By extending our scientific and IP capabilities through such partnerships, Horizon will be able to more fully support our pharma, biotech and academic partners to deliver better cell therapy solutions to patients.

Built by our people

You cannot build a world-class organisation without world-class people, and we are blessed with many. Going through a leadership change, a business integration, coping with the challenges of high-growth businesses and the required changes of approach, is a lot to ask for, but our team has risen to the challenge admirably.

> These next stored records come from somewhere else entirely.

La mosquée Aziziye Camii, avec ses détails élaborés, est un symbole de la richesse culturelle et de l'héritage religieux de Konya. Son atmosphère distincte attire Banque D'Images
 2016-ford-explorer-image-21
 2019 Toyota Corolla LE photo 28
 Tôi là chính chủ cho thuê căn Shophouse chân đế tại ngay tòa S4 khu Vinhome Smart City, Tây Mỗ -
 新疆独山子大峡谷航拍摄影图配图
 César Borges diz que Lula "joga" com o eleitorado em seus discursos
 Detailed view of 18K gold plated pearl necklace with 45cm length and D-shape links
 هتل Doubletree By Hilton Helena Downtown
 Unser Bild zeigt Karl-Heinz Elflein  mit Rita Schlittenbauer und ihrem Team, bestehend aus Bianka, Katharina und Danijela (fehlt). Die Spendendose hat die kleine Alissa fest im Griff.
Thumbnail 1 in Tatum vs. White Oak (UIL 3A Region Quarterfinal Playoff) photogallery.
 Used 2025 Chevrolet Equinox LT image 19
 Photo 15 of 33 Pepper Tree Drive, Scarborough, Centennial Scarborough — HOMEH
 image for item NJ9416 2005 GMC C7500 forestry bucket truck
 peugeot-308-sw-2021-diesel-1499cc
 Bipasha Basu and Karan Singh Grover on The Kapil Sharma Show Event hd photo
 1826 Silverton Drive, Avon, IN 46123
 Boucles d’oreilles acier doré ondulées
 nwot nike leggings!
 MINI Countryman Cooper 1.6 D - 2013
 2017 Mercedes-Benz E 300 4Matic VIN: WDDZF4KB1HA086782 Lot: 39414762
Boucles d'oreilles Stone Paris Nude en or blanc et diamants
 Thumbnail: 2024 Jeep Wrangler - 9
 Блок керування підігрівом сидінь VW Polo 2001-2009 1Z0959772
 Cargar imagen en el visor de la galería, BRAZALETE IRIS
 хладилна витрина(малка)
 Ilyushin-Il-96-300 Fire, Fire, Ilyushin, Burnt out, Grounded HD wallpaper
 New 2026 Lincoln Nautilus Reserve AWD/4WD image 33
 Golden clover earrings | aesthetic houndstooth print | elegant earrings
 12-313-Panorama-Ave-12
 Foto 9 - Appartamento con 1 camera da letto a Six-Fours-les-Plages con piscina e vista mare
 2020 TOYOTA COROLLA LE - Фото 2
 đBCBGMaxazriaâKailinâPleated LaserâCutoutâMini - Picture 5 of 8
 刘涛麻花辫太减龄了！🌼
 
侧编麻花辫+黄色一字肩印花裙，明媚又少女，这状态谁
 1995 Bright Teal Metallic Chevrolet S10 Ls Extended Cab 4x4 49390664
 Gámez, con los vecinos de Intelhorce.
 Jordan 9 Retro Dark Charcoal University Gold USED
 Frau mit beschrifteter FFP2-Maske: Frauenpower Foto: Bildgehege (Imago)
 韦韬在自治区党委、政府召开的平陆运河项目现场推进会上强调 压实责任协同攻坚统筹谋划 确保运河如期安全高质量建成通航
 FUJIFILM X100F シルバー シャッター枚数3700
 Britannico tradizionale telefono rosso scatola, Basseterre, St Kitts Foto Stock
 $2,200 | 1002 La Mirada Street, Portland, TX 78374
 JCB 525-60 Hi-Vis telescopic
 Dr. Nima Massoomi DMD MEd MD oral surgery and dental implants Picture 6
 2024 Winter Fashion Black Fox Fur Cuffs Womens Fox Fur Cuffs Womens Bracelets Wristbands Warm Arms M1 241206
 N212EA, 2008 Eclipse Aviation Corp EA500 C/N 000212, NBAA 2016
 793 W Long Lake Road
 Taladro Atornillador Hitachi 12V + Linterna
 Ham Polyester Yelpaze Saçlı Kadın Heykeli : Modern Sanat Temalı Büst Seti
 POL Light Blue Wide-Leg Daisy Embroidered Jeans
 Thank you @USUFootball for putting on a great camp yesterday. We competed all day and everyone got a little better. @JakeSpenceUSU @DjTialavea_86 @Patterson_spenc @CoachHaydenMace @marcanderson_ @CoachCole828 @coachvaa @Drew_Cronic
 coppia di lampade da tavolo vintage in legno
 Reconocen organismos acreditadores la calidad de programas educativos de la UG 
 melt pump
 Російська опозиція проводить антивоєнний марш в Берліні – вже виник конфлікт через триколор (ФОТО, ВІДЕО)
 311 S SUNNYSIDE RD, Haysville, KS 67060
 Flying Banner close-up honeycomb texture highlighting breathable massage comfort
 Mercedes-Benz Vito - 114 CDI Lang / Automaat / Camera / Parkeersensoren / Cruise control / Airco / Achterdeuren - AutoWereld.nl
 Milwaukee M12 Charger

I thank them all for their dedication and hard work during the year.

Summary and outlook 2019

The market opportunity for gene editing and gene modulation is substantial and with limited direct competition, Horizon has strong prospects for growth.

Our customers include many of the world's leading academic institutes and global pharmaceutical companies. Our expertise and insights into the challenges that they face drive us to create products and services that not only differentiate our business but also help our customers to achieve deeper understanding of biological systems, thereby fuelling the development of the next wave of precision medicine.

Our commercial excellence, scientific innovation and industry know-how remain key differentiators and with our Investing for Growth strategy, Horizon is increasingly well placed to capitalise on its position as one of the market-leaders. The new eCommerce platform to be launched in H219, will support enhanced customer experience and drive future revenue growth, while the process improvements and automation are expected to increase capacity in cell line engineering.

With a robust balance sheet and an already strong order book for 2019, we are confident in our growth prospects. The Board expects FY19 revenues to be in-line with current market expectations and to maintain positive EBITDA development.

Terry Pizzie

Chief Executive Officer

29 April 2019

FINANCIAL REVIEW

FY17 comparatives and growth numbers are presented or calculated after restatement for prior year adjustment, refer to Note 2 for details.

During 2018, the Group delivered £58.7m of revenues (FY17: £35.0m), representing solid year-on-year growth of 68% (73% growth on a constant currency basis) highlighting the strong demand for Horizon's products and services. Like-for-like revenues (excluding Dharmacon) were £30.1m (FY17: £26.0m) representing a growth of 16% (£30.8m on a constant currency basis a growth of 18%). Dharmacon continued its strong performance post-integration and delivered revenues of £28.6m (FY17: £9.0m), which would have been £29.7m on a constant currency basis.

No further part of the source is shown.